EXERCISE DETAILS: Everything in the listing below must be reproduced exactly, apart from its images.

Segment Start: AVAILABLE DATA

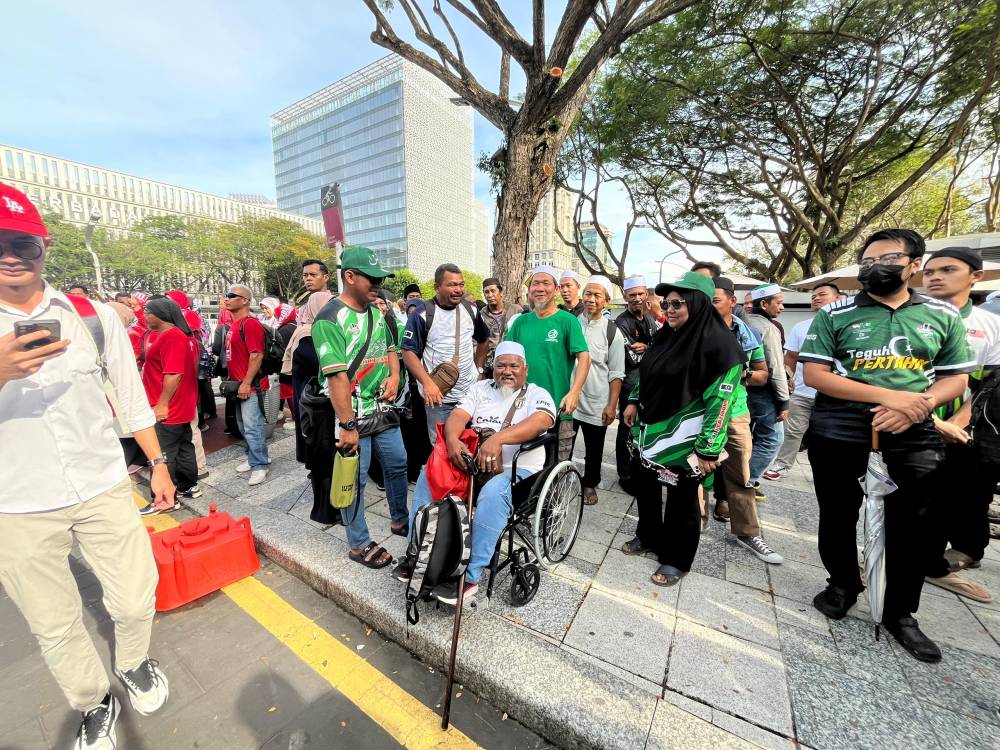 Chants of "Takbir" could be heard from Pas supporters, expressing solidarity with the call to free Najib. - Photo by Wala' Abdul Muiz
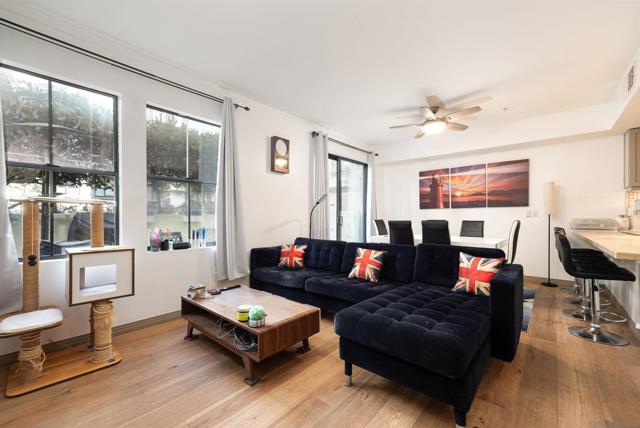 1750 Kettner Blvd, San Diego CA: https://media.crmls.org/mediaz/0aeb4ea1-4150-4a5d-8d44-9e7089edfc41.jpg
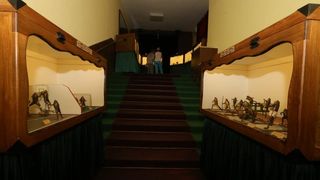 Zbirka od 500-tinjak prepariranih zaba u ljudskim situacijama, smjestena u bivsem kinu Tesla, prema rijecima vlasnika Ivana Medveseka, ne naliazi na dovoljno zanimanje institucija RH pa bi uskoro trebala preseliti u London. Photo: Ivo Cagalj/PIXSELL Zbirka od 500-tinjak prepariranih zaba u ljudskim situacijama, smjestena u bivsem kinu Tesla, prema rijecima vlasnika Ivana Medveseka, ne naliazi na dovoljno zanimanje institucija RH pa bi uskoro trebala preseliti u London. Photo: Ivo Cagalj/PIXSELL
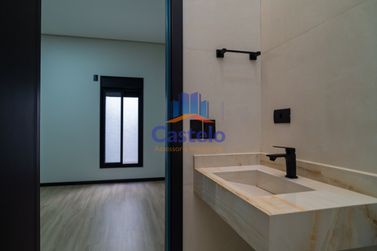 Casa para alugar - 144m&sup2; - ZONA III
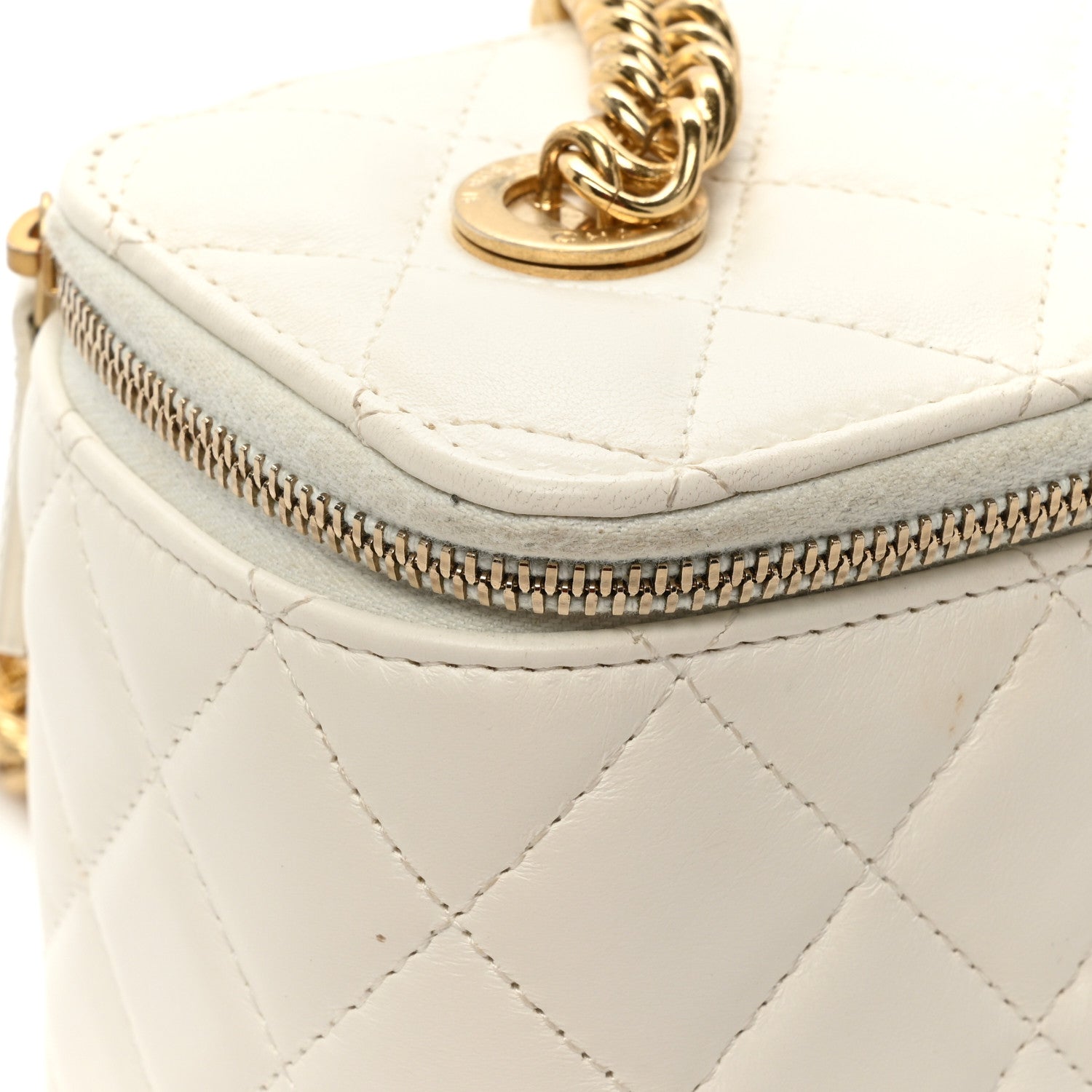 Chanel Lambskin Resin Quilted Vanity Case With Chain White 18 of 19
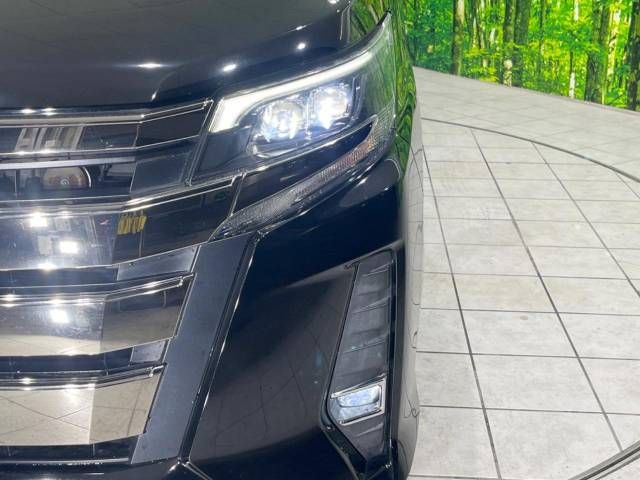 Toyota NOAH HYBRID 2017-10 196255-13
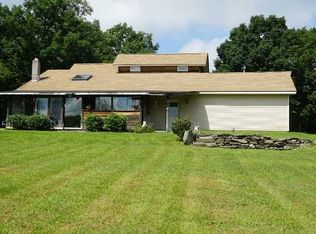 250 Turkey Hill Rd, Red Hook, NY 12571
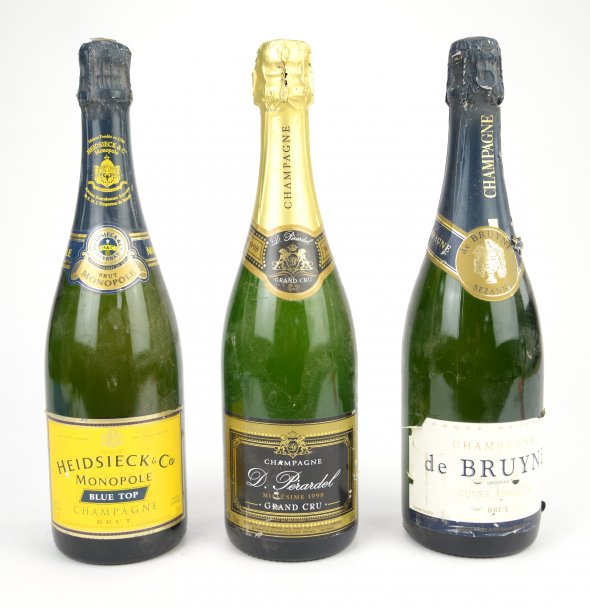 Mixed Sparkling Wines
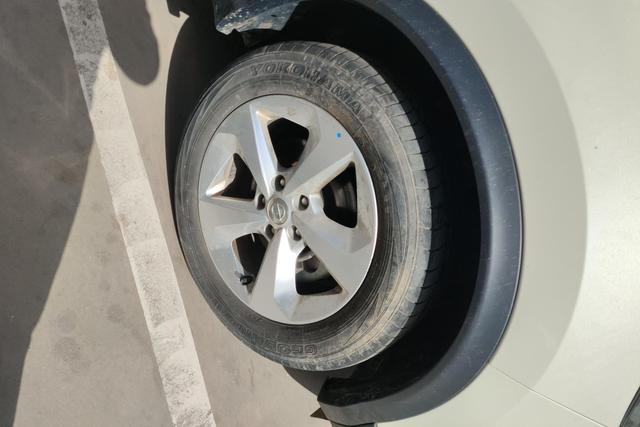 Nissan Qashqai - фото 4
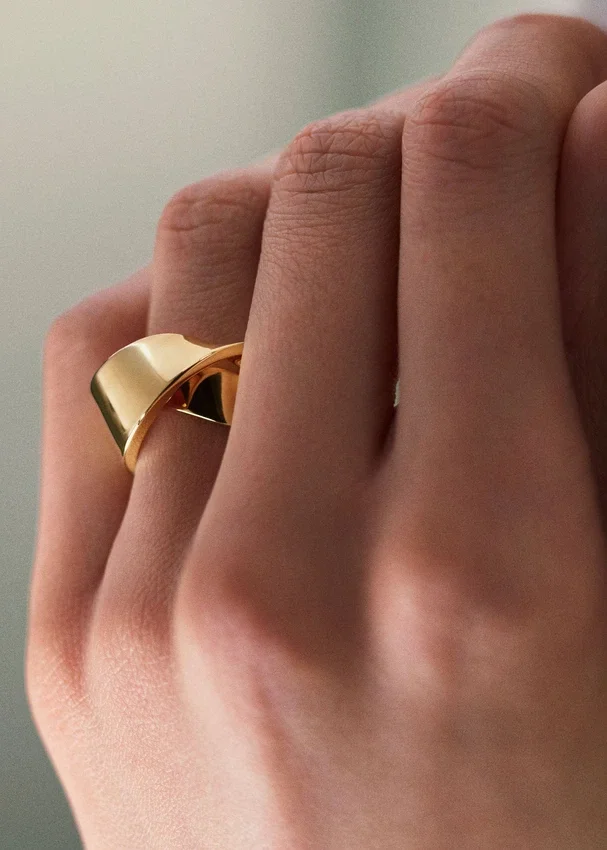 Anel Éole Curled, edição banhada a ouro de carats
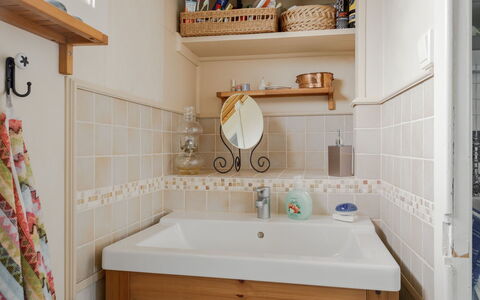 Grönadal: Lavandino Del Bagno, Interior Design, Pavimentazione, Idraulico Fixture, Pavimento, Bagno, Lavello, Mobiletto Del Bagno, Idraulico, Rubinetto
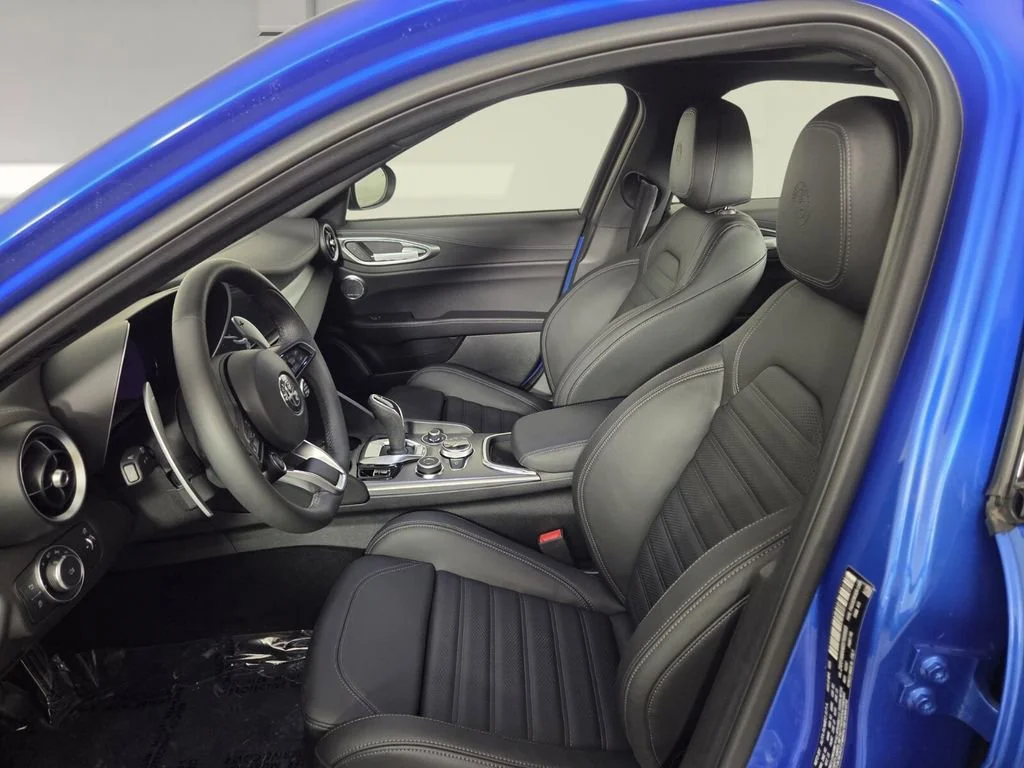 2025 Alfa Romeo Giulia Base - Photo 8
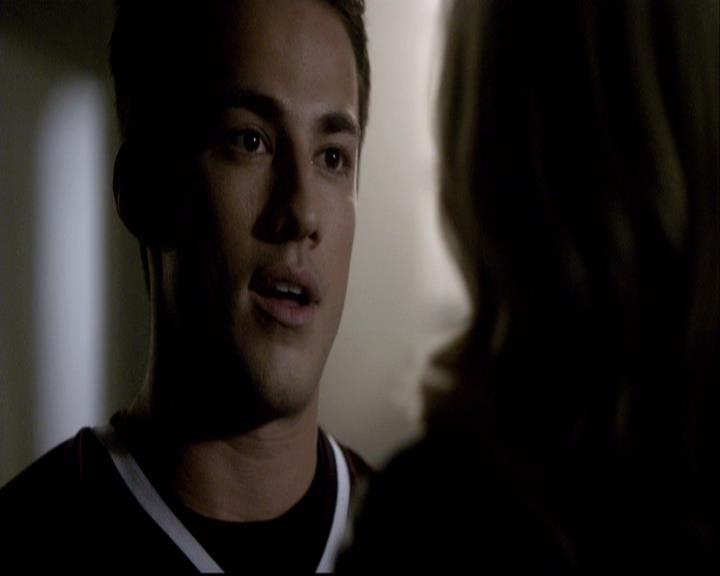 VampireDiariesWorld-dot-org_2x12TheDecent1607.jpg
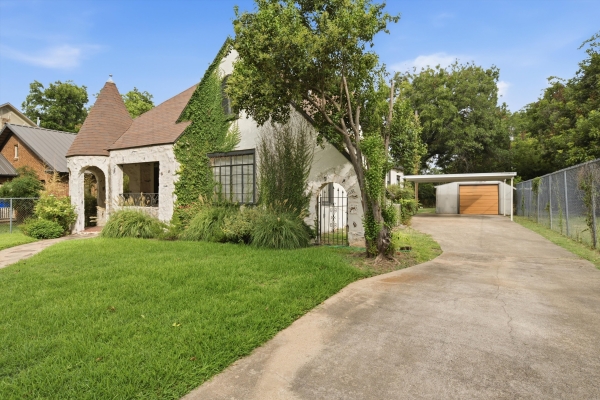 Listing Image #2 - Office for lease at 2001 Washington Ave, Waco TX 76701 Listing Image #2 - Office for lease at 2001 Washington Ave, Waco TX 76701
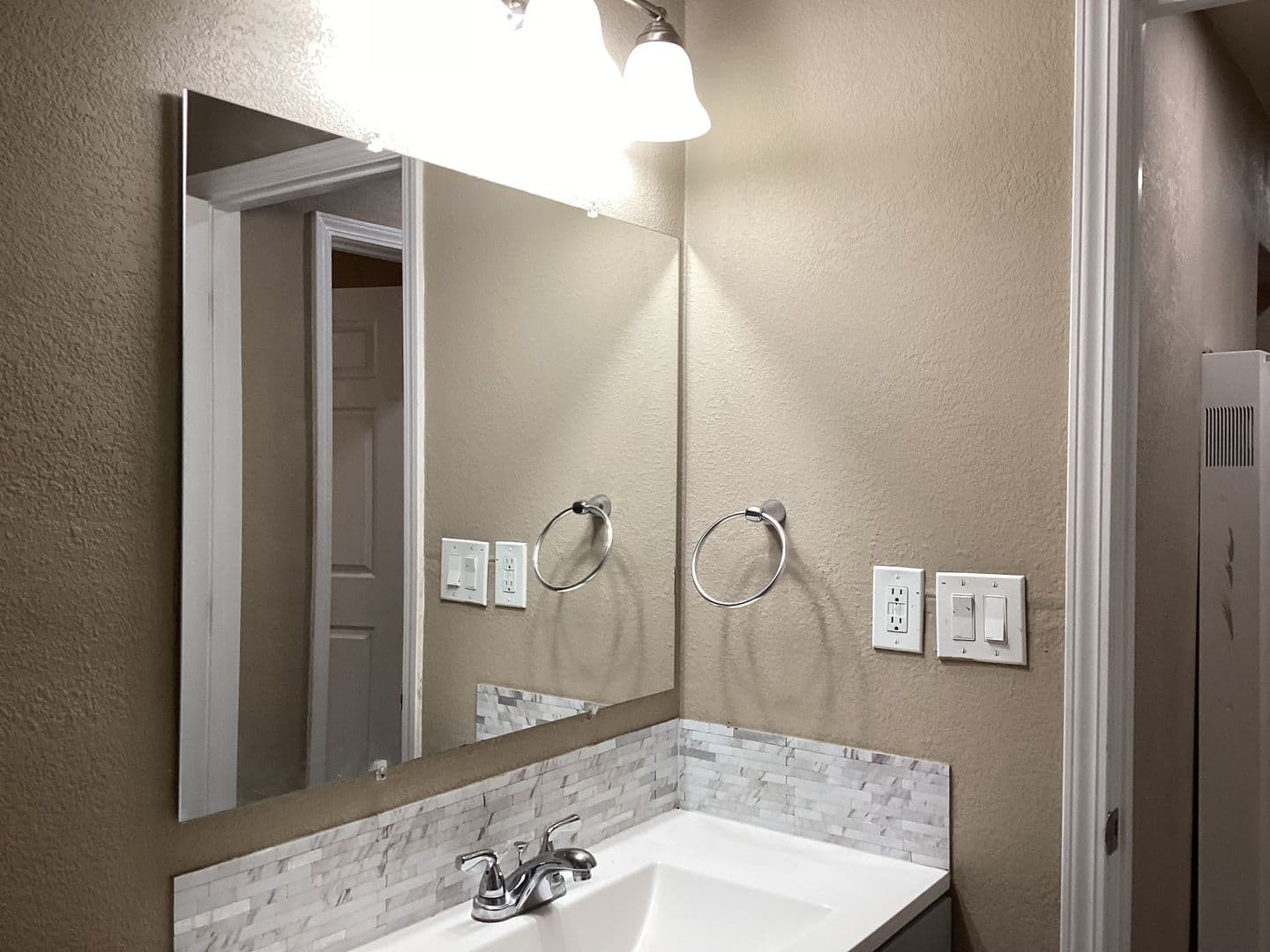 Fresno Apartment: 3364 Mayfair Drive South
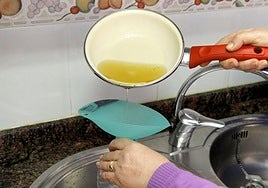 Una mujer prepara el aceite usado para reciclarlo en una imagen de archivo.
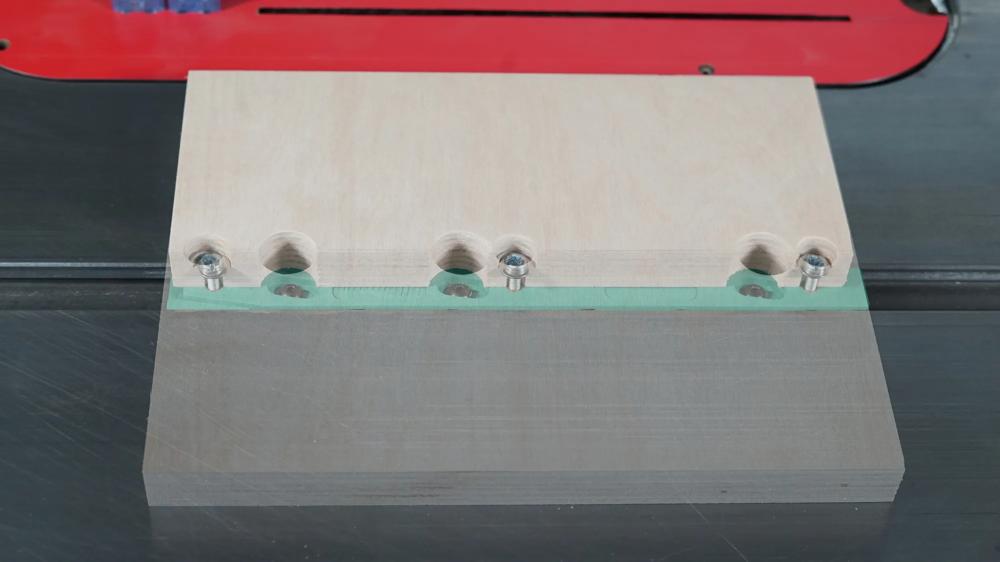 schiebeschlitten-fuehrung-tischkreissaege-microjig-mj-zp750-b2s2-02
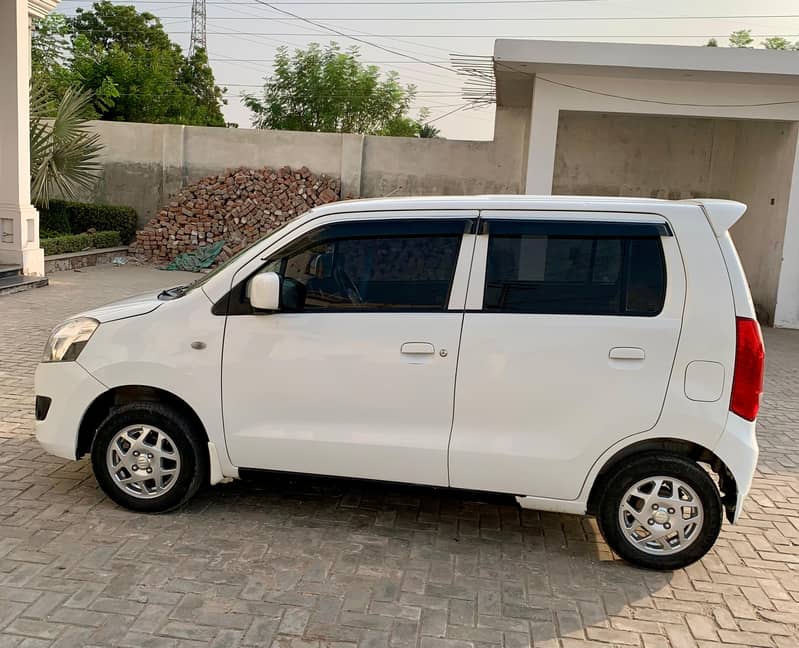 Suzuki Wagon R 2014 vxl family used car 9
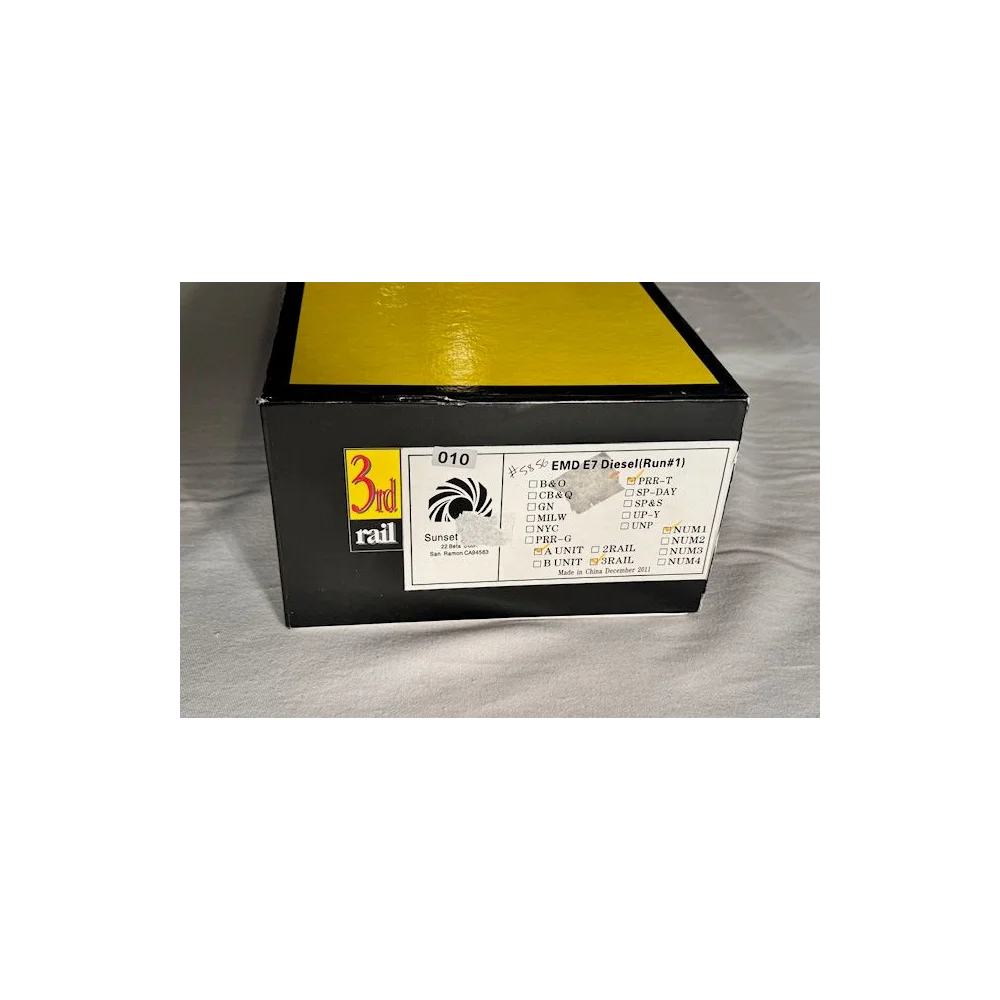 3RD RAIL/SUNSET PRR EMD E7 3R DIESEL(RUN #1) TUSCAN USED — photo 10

Segment End: AVAILABLE DATA

ANSWER SECTION:
 Chants of "Takbir" could be heard from Pas supporters, expressing solidarity with the call to free Najib. - Photo by Wala' Abdul Muiz
 1750 Kettner Blvd, San Diego CA: https://media.crmls.org/mediaz/0aeb4ea1-4150-4a5d-8d44-9e7089edfc41.jpg
 Zbirka od 500-tinjak prepariranih zaba u ljudskim situacijama, smjestena u bivsem kinu Tesla, prema rijecima vlasnika Ivana Medveseka, ne naliazi na dovoljno zanimanje institucija RH pa bi uskoro trebala preseliti u London. Photo: Ivo Cagalj/PIXSELL Zbirka od 500-tinjak prepariranih zaba u ljudskim situacijama, smjestena u bivsem kinu Tesla, prema rijecima vlasnika Ivana Medveseka, ne naliazi na dovoljno zanimanje institucija RH pa bi uskoro trebala preseliti u London. Photo: Ivo Cagalj/PIXSELL
 Casa para alugar - 144m&sup2; - ZONA III
 Chanel Lambskin Resin Quilted Vanity Case With Chain White 18 of 19
 Toyota NOAH HYBRID 2017-10 196255-13
 250 Turkey Hill Rd, Red Hook, NY 12571
 Mixed Sparkling Wines
 Nissan Qashqai - фото 4
 Anel Éole Curled, edição banhada a ouro de carats
 Grönadal: Lavandino Del Bagno, Interior Design, Pavimentazione, Idraulico Fixture, Pavimento, Bagno, Lavello, Mobiletto Del Bagno, Idraulico, Rubinetto
 2025 Alfa Romeo Giulia Base - Photo 8
 VampireDiariesWorld-dot-org_2x12TheDecent1607.jpg
 Listing Image #2 - Office for lease at 2001 Washington Ave, Waco TX 76701 Listing Image #2 - Office for lease at 2001 Washington Ave, Waco TX 76701
 Fresno Apartment: 3364 Mayfair Drive South
 Una mujer prepara el aceite usado para reciclarlo en una imagen de archivo.
 schiebeschlitten-fuehrung-tischkreissaege-microjig-mj-zp750-b2s2-02
 Suzuki Wagon R 2014 vxl family used car 9
 3RD RAIL/SUNSET PRR EMD E7 3R DIESEL(RUN #1) TUSCAN USED — photo 10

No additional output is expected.